**Task description:** Please give the whole listing again exactly, without any of its pictures.

--- Information provided ---

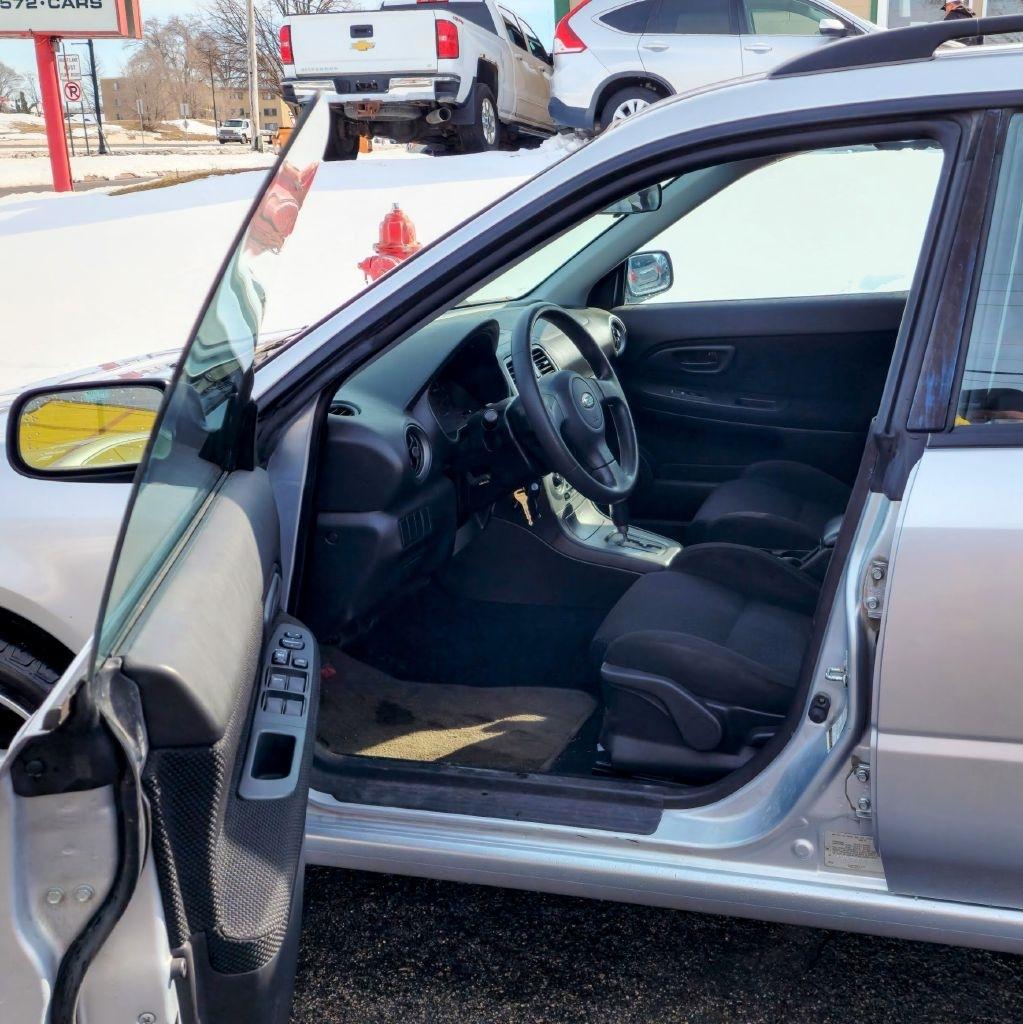 Subaru Impreza Wagon  2005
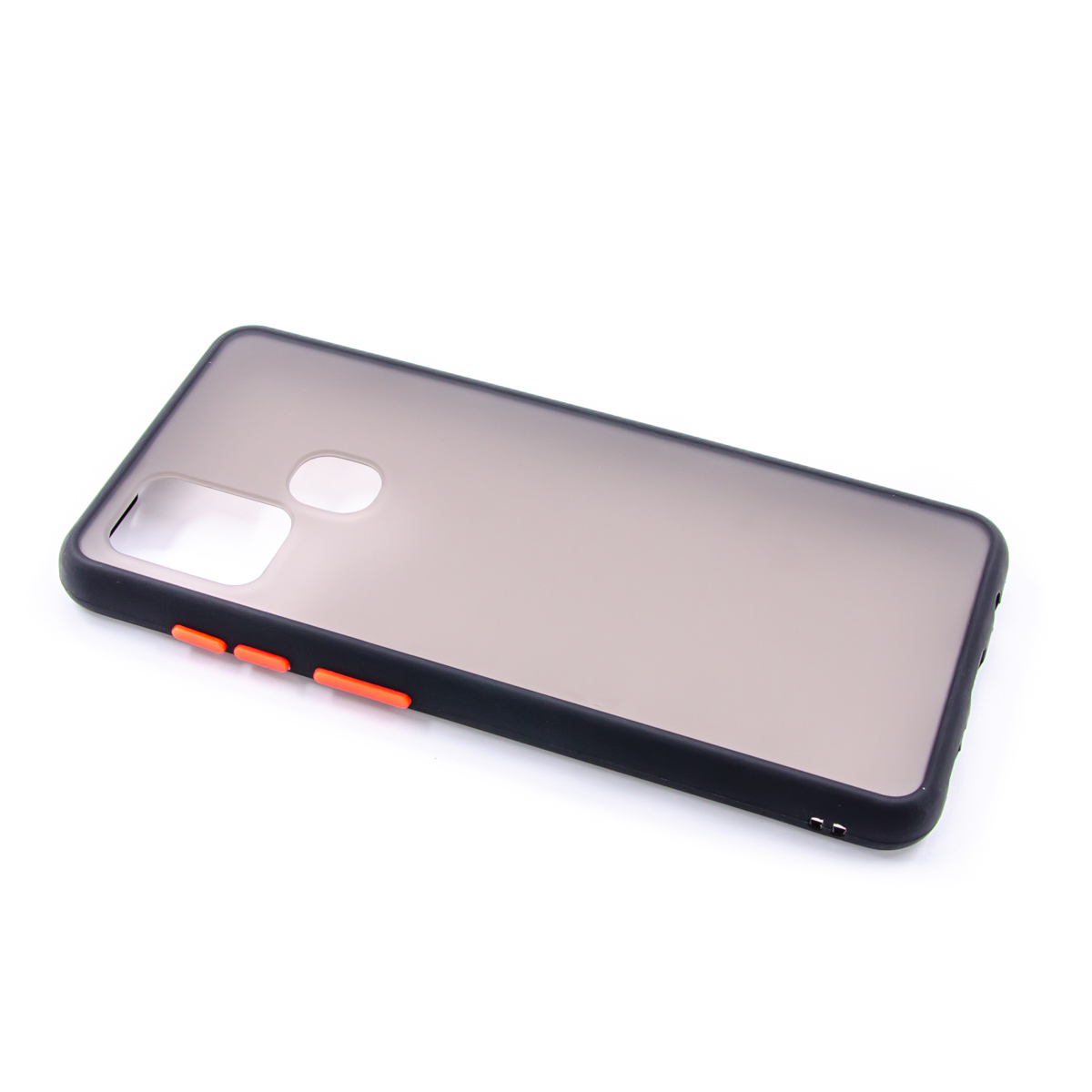 Tpu border za sm-a217 (galaxy a21s) crna
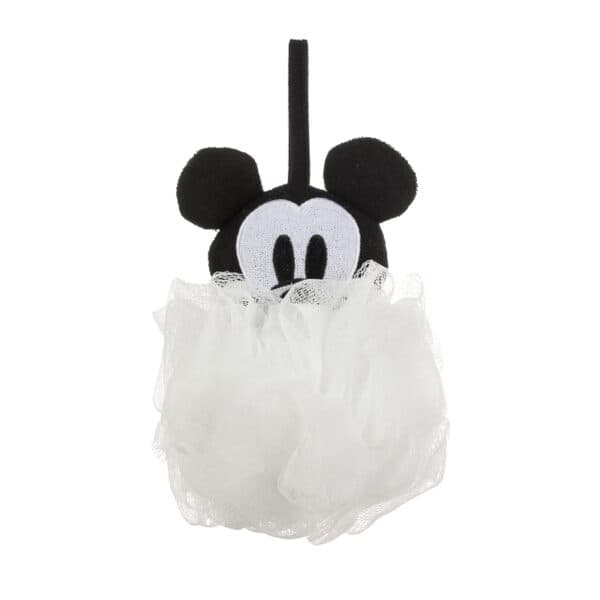 لیف مینیسو، مدل Miniso Classic Disney Collection 3D Bath Glove (Duck)، آبی، داکی — تصویر ۴
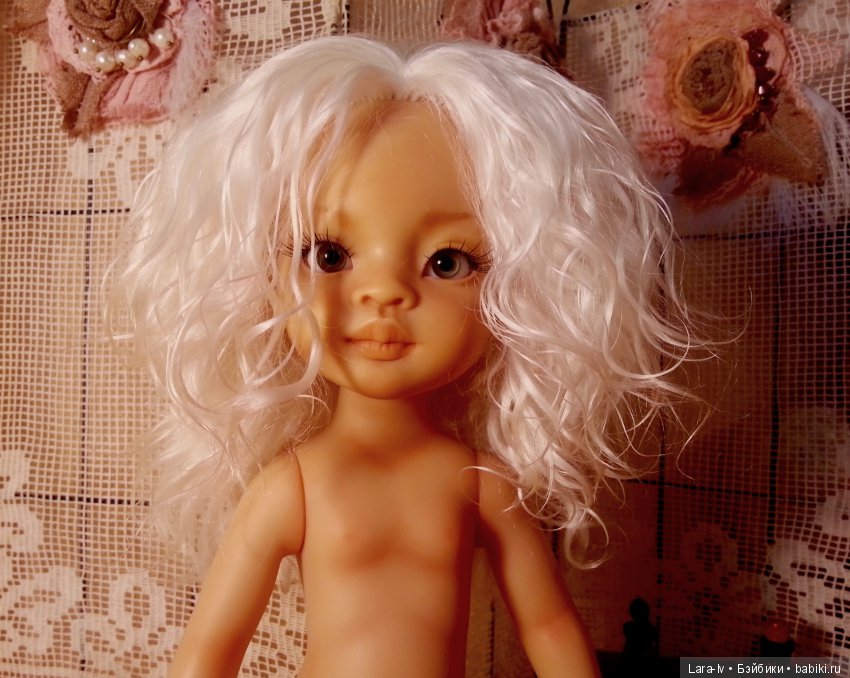 Живые куклы от Лары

---

**Written answer:**
 Subaru Impreza Wagon  2005
 Tpu border za sm-a217 (galaxy a21s) crna
 لیف مینیسو، مدل Miniso Classic Disney Collection 3D Bath Glove (Duck)، آبی، داکی — تصویر ۴
 Живые куклы от Лары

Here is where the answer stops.